--- Task to carry out ---
Using the data below, transcribe exactly everything from the line that contains "В Баку состоялся" down to the line that contains "Harfington 10pcs Plastic". Include both of those lines and none of the pictures.

--- Working data ---
- Opening Delimiter -

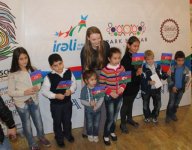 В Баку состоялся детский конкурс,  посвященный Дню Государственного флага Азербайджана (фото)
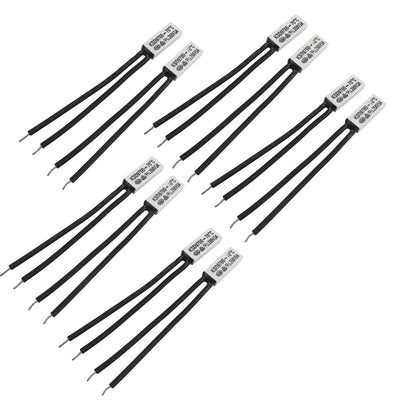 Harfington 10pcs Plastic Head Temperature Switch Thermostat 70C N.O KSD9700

- Closing Delimiter -
- Opening Delimiter -

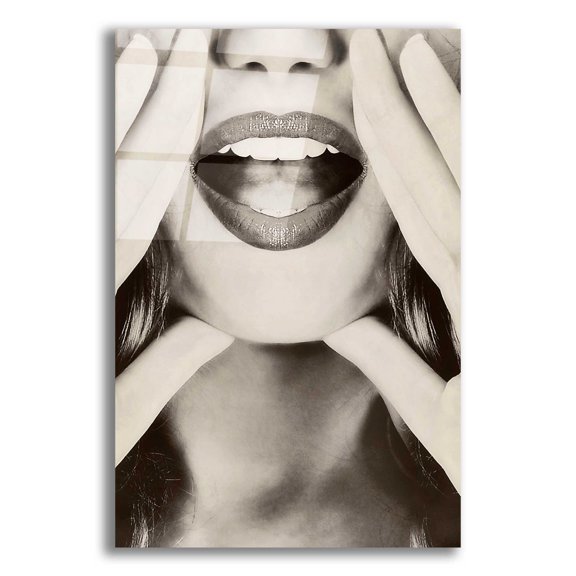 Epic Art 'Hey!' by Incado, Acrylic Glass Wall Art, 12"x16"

- Closing Delimiter -
- Opening Delimiter -

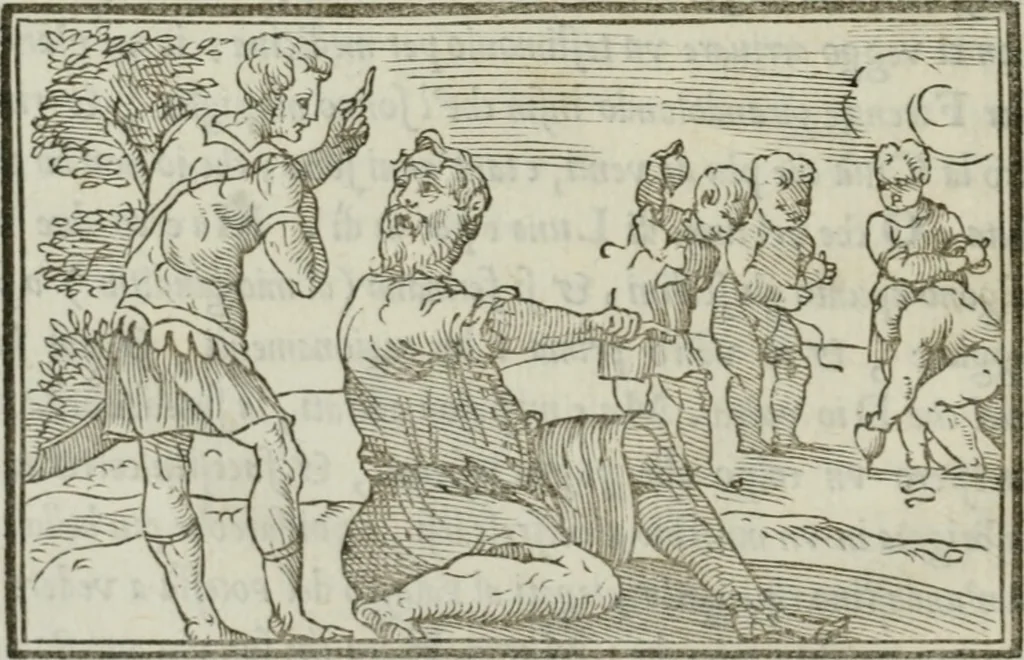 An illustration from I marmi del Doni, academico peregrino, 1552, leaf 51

- Closing Delimiter -

--- The answer ---
 В Баку состоялся детский конкурс,  посвященный Дню Государственного флага Азербайджана (фото)
 Harfington 10pcs Plastic Head Temperature Switch Thermostat 70C N.O KSD9700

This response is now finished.